Are Black Holes as Simple as They Used to Be?

Dr. Mike Nowak (host Krawczynski), MIT
September 29, 2017 at 2:30 pm
241 Compton
Event Description 

Astrophysical black holes are in some ways the simplest object in Nature, being described by only two quantities: mass and spin. A primary goal of astrophysical research into these objects has been to measure their mass and spin, and then further determine if we see the associated "exotic" effects of the warping of space time predicted by General Relativity. Our prime tool for such studies is the X-ray emission from accreting material surrounding these objects, especially in X-ray binaries.
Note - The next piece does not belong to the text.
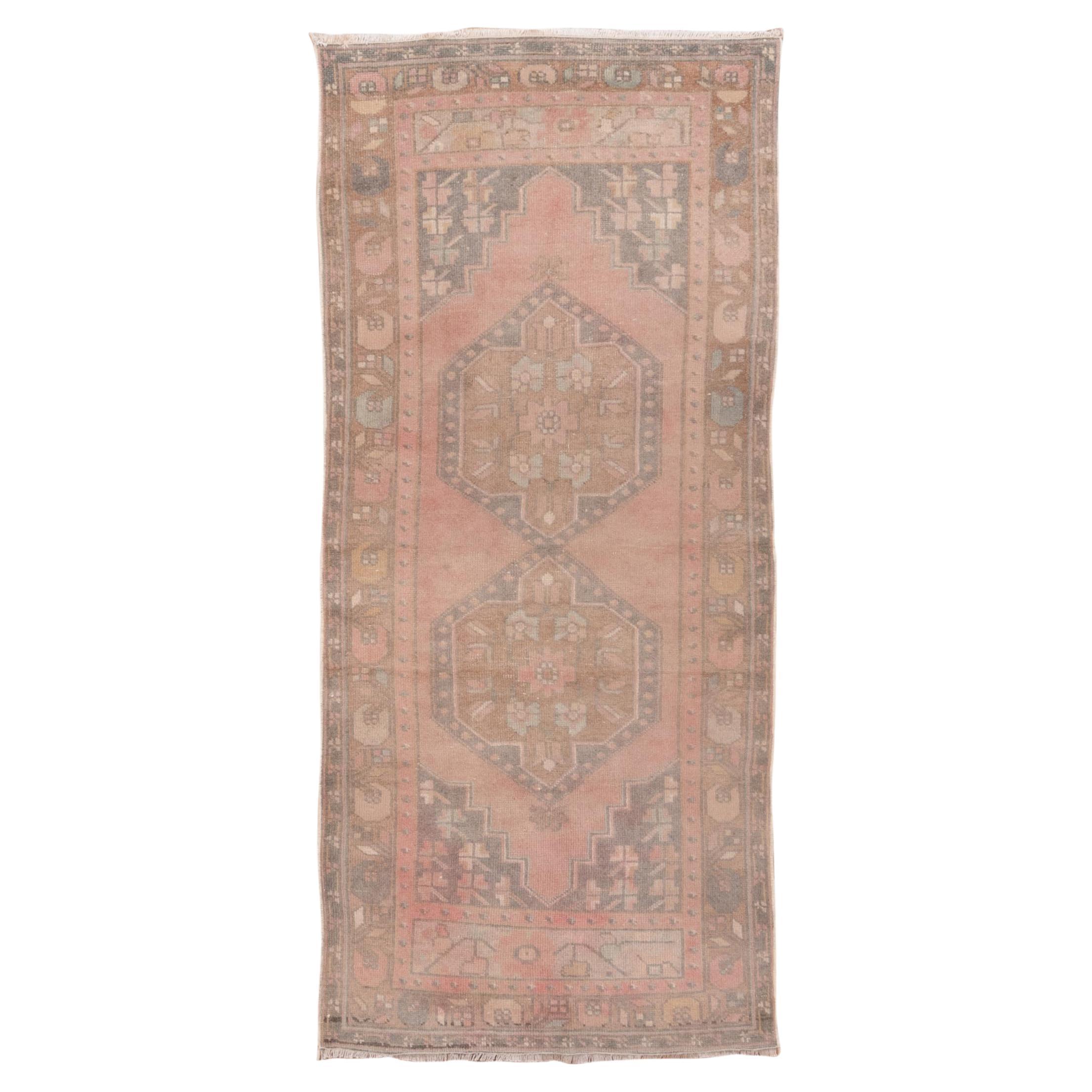 Tapis Oushak délavé - Médaillon rose tendre sur fond taupe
The original theoretical conception of X-ray emission from X-ray binaries was that of a rather simple quietly accreting, thermal, thin disk. This picture has been replaced with an enormously more complicated beast: a violently turbulent MHD disk (which may or may not be truncated at radii greater than the innermost marginally stable orbit predicted by General Relativity), a hot corona (which may or may not be efficiently radiating away its thermal energy), a jet (which may or may not contribute to the X-ray), an outer disk that might have both warps and winds, an incoming accretion stream, etc. The presence and form of each of these components rely upon many different factors, and we have strong observational evidence for all of them. However, underlying all of these complications seems to be rather simple behavior which surprisingly agrees with some of our basic, original models. If true, this allows us to describe our observations with the predictions of General Relativity, and measure such quantities as black hole spin. In this talk I will describe both historical and recent observations of black hole systems using X-ray satellites. I will present the simple, historical models, describe the astrophysical complications that we must consider with modern observations, but then describe how many of the simplest ideas surprisingly seem to be borne out in real astrophysical black hole systems.